Parliament of Queensland
- Long title An Act to provide for the reduction of greenhouse gas emissions in Queensland by stating emissions reduction targets and for related purposes ;
- Citation: 2024, No. 16
- Assented to: 2024-04-26

Legislative history
- Bill title: Clean Economy Jobs Bill 2024

Keywords
- emissions targets

= Climate change in Queensland =

Climate change in Queensland affects various environments and industries, including agriculture.

== Greenhouse gas emissions ==
Queensland's emissions decreased from 191.94 million tonnes in 2005 to 124.1million tonnes in 2022 representing a reduction of 35.3% over this time period.

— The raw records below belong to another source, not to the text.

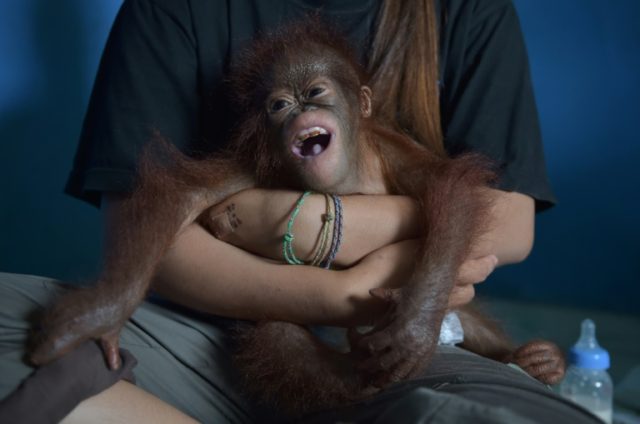 Seven-month-old Vena was rescued by wildlife officals and environmentalists from someone w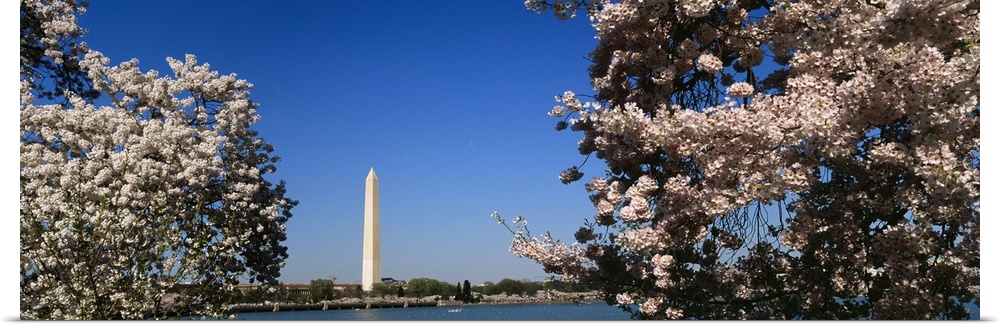 Cherry Blossom flowers on cherry tree, Washington Monument, Washington DC
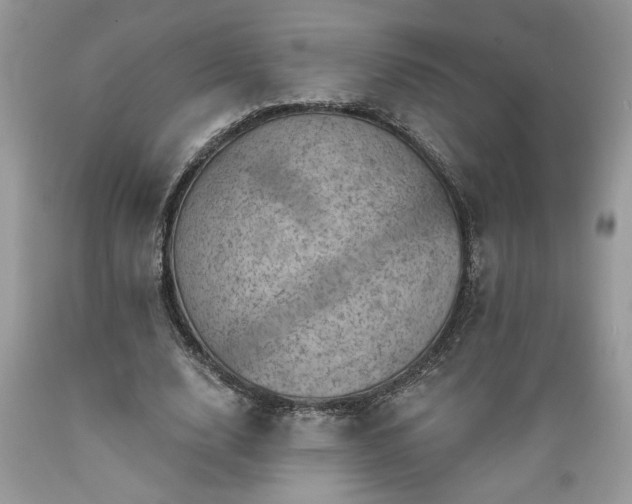 X0000089380632200706221255
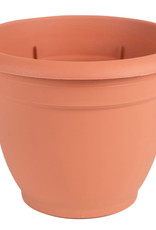 BLOEM Bloem Ariana Planter with Grid Terra Cotta 8 in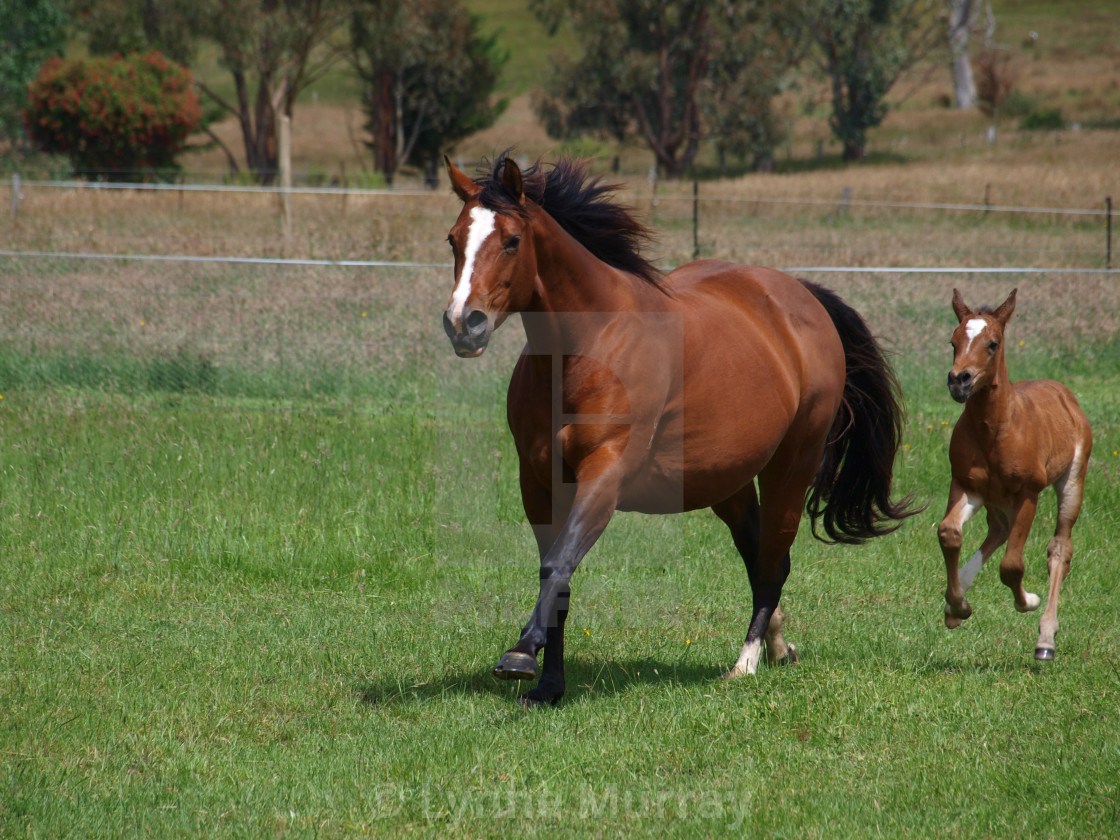 "Mare and Foal" stock image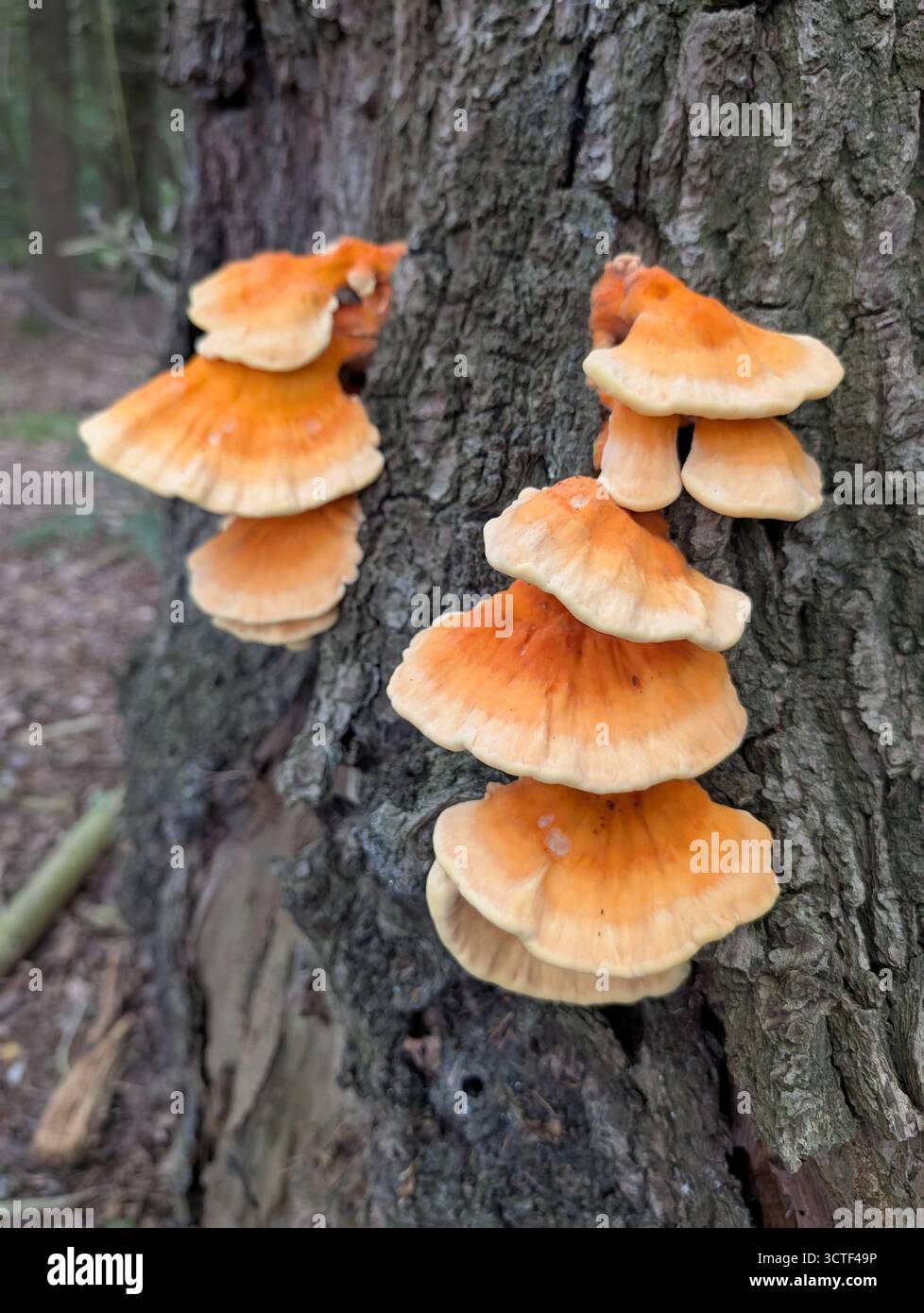 Un champignon de poulet des bois (Laetiporus sulphureus) saisissant s'accroche à un tronc d'arbre, affichant des teintes orange et jaune vives dans un écrin de forêt humide Banque D'Images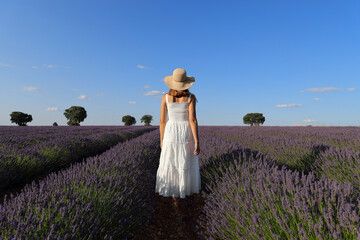Back view of a woman walking through a lavender field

== Impacts of climate change ==

=== Flooding ===
Large areas across north Queensland experienced significant flooding in 2025.

=== Tourism ===
Of all the states of Australia, Queensland has the highest proportion of tourism assets which are at risk due to climate.

== Response ==

=== Policies ===
The Queensland government approved new projects for gas exploration. The Queensland government blocked the public release of a report, which recommended that gas wells in floodplains in the western Queensland channel country should be excluded and that unconventional petroleum should be designated as an unacceptable use in the area.

=== Legislation ===

==== Clean Economy Jobs Act 2024 ====

The Act requires Queensland to cut emissions by 30% on 2005 levels by 2030, 75% by 2035 and reach net zero emissions by 2050. The Act also entrenches public ownership of energy assets.

The bill had been supported by the Liberal National Party opposition. There had been speculation that the LNP would not support the bill, and they had wanted to consider modelling on the impacts of the policy before they made their final decision.